In genetics, gene activity or function can change due to alteration of the DNA sequence, either by point mutations, deletions, insertions, or translocation. In 1957, Conrad Waddington, a British developmental biologist, proposed a concept that a population (or organism developmental process) can be persuaded to display new characteristics through environmental stimuli. Conrad Waddington’s works hypothesized mechanisms that may control the readout of genes to produce different phenotypes from the same genotype [1, 2]. It is now called epigenetic, meaning beyond or above (epi-) genetic. Epigenetics are chemical marks added to the genomes of eukaryotes either on DNA or histone proteins. The marks are crucial information regarding the accessibility of DNA sequences in particular locations in the genomes. Epigenetic marks on histone protein create a compact or loose chromatin structure. The compact or tightly closed chromatin, known as heterochromatin, limits access to transcription machineries, hence silencing the gene expression. Meanwhile, loose or open chromatin or euchromatin is associated with gene transcription activation.

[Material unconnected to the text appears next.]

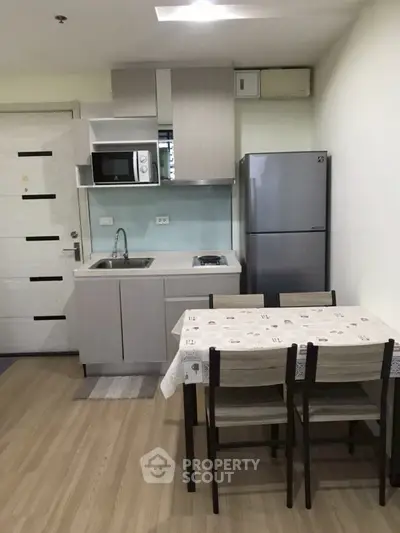 Modern kitchen with dining area, featuring sleek cabinetry, stainless steel appliances, and cozy dining setup.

Another mark is DNA methylation. Methylated nucleotides block transcription factors from binding to a promoter region even though the promoter is located in the accessible euchromatin area, preventing transcription initiation. In the beginning, epigenetics is closely associated with establishing cell fates during the development of multicellular organisms, and like genetics, it can be inherited [3]. Today, epigenetic regulation is considered a highly dynamic process with a critical function in determining vastly different processes in response to external factors, from implicating the development of disorder or disease in animals to phenotypic plasticity in plants [4, 5]. Orchestrated by the interplay between DNA methylation, histone modification, and the presence of non-coding RNA, epigenetics integrates external and intrinsic stimuli to regulate gene expression [6, 7].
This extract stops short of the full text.